Aquí la relación entre causas y efectos se disocia y revira cuando es bien sabido que el pensamiento y la idea clara no son más que el último eslabón de una larga cadena de esfuerzos y acciones previamente trabajados. El cortoplacismo pedagógico conduce a la frustración quejosa que por propia condición él mismo provoca y termina por ahondar. Las dinámicas y los proyectos constituyen así un atajo impaciente, un puente de cristal que evita los afanes silenciosos propios de los entresijos formativos del conocimiento. Creyendo dar vida e impulso a la actividad educativa la convierten en prematura desafección. Creyendo que lo evidente y visible de los actos escolares sirve de preparación para la interiorización de los saberes los encapsula y neutraliza.

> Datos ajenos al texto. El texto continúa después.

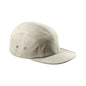 MASCOT® Joba Cap Größe ONE, hellkhaki | Packung (1 Stück)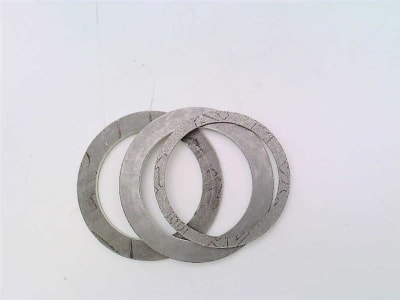 DANFOSS 006-0335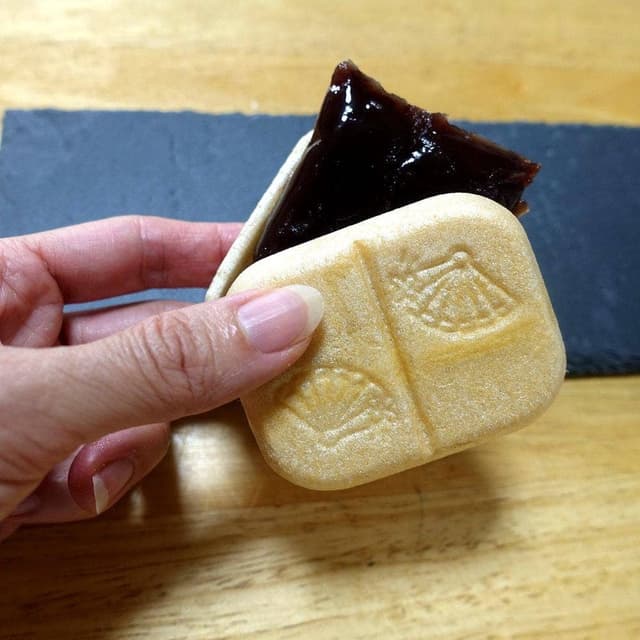 菓匠 清閑院 生駒店 - サブ画像1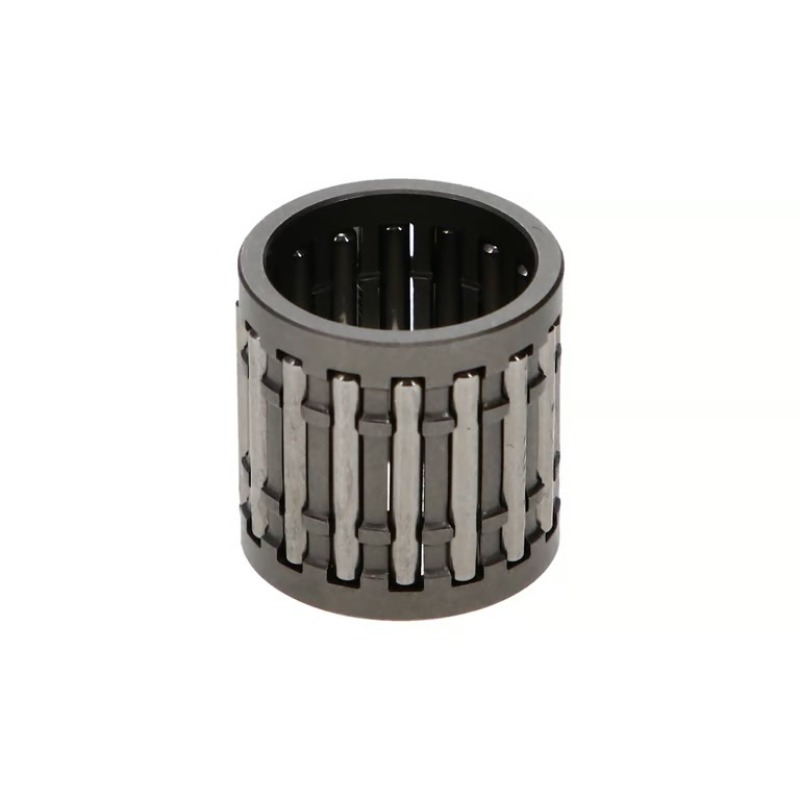 Picture of Wiseco WIS Top End Bearings - B1023
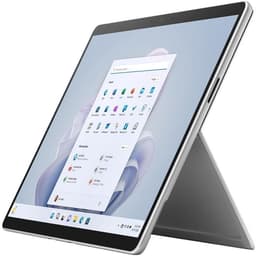 Microsoft Surface Pro 9 13" Core i7 1.8 GHz - SSD 1 TB - 32 GB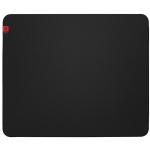 ZOWIE H-TR Esports Gaming Mouse Pad - Large - Black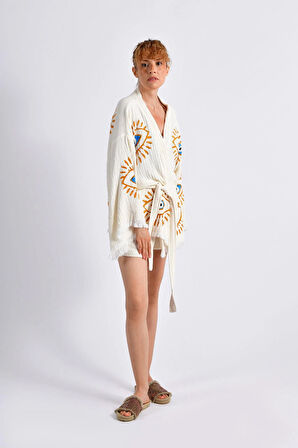 Naturel VisionGuard Takım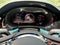 2025 Bentley Flying Spur Speed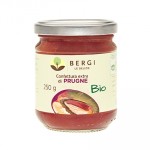 Confettura Bio Fichi
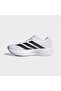 Adizero Pacer m Men's Running Shoes Kz6846 - 2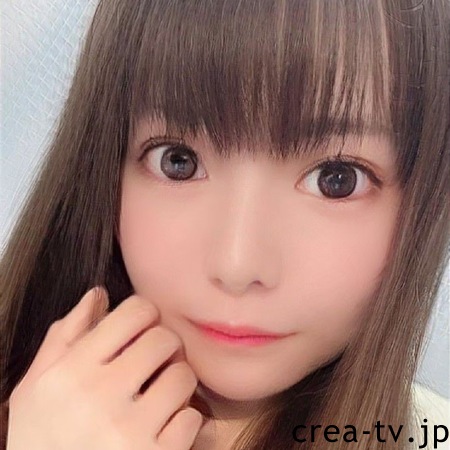 るり(28) プロフィール画像1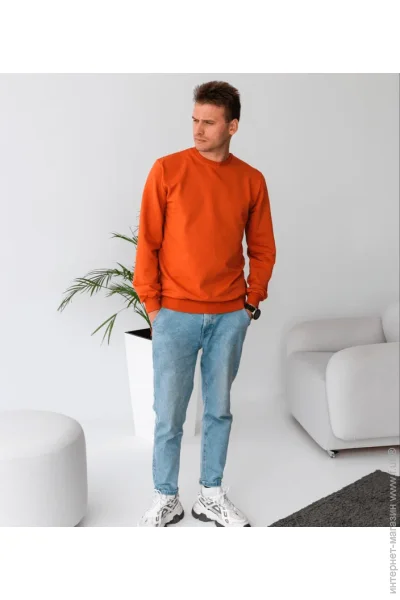   - HECTOR - 17081 - XXL -  (43372)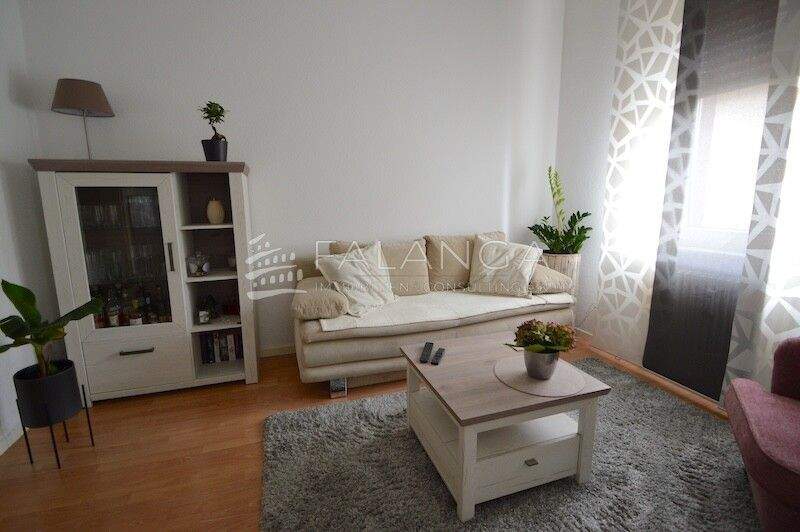 Mehrfamilienhaus, Wohnhaus Mainz / Mombach Mombach - 1 Zimmer, 223 m&sup2;, 499.000&euro; | Angebot:25228476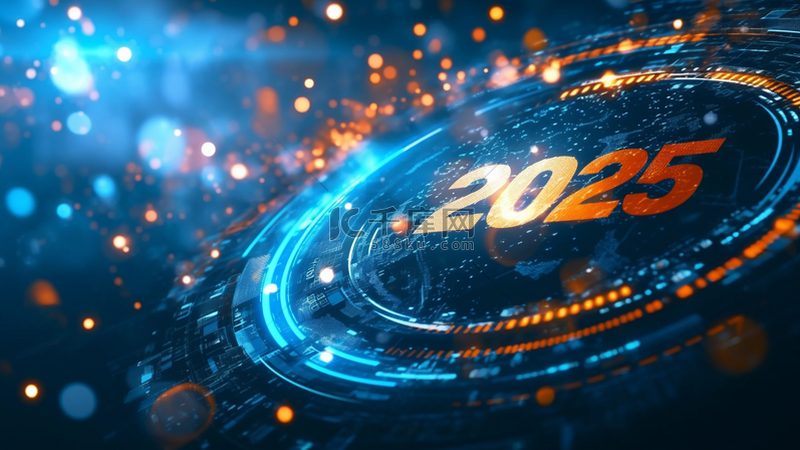 金融软件稳定性测试的关键步骤与要点**
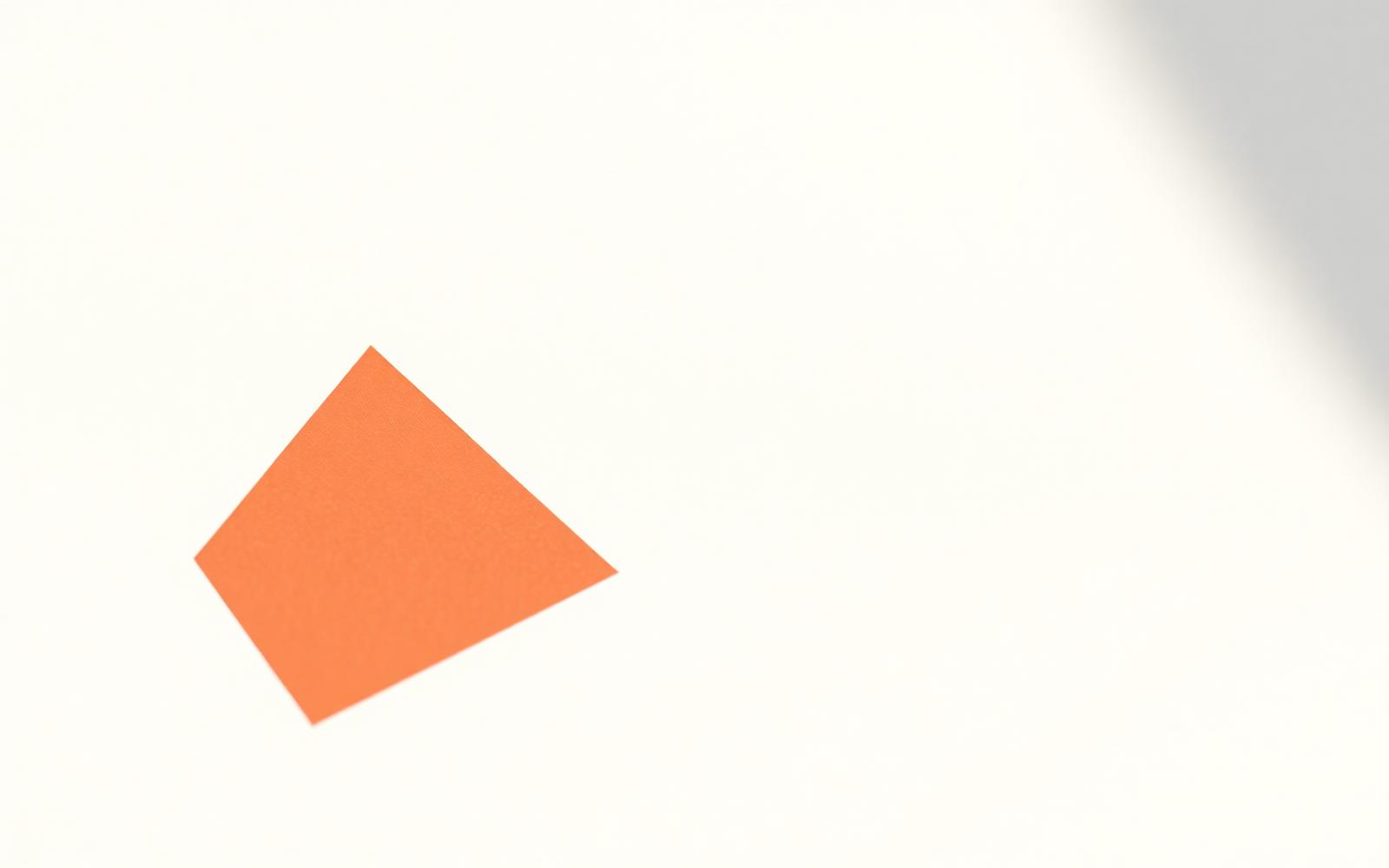 Anatomía de un hero section que realmente vende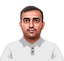 Ankit Mishra
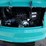 2026-cfg-industrial-kt13r-mini-excavator,-gasoline-engine,-unused-image-10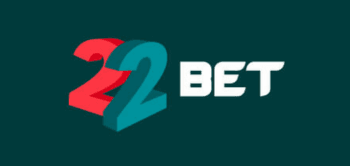 22Bet Casino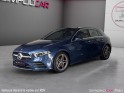 Mercedes classe a 180 bm6 amg line occasion simplicicar pau simplicicar simplicibike france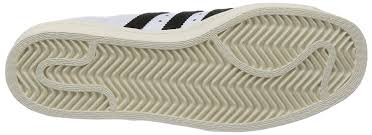 アディダスの「スーパースター」が不朽の名作として支持され続ける7つの理由とは | メンズファッションメディア OTOKOMAE / 男前研究所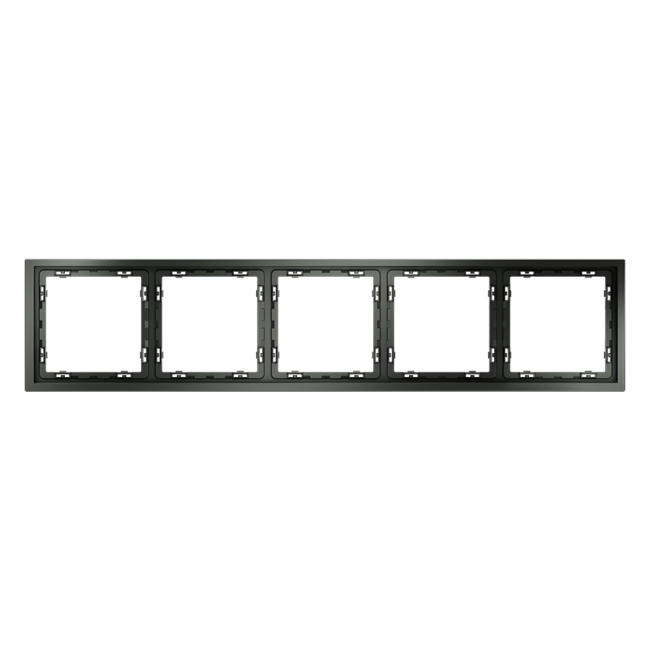 VLS100506 Рамка Voltum S70 VLS100506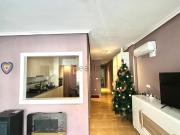 Piso, Parque de las Naciones, Torrevieja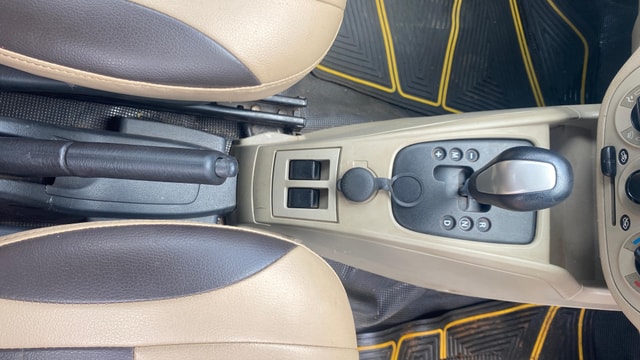 View Maruti Suzuki Alto K10 Image 37 Used Maruti Suzuki Alto K10 Image 37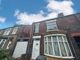 Thumbnail Property to rent in City Road, Sheffield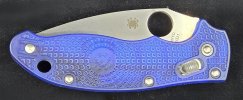Manix 2 Translucent Blue (4).jpg
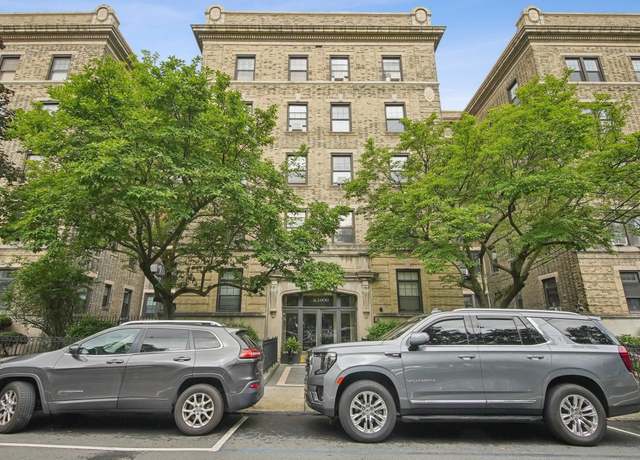 Property at 1000 HUDSON St #209, Hoboken, NJ 07030, 2 beds, 1 bath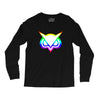 color best Long Sleeve Shirts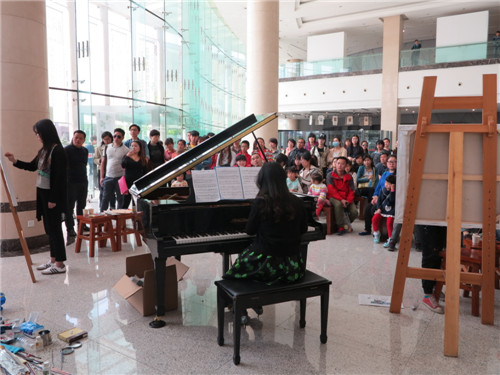 C7娱乐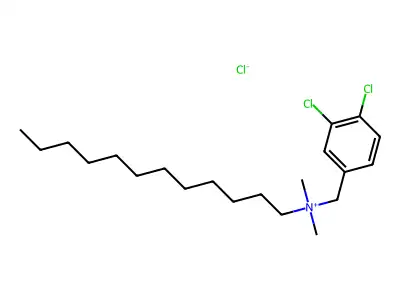6-Hydroxybenzofuran structure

Escribe Julián Ribera en La superstición pedagógica (1910) que “lo que lo grandes espíritus han logrado penosamente saber en la vejez, desean los pedagogos que lo sepamos en la juventud sin esfuerzo alguno”. Una forma ésta de esquivar la realidad y crear una especie de limbo paralelo lleno de símbolos y fantasmas, de áridas y monótonas vaguedades que colonizan las mentes hasta el punto de quedar asemejados a aquel pez de la fábula de Foster Wallace: ¿qué demonios es el agua? ¿Qué demonios es la escuela?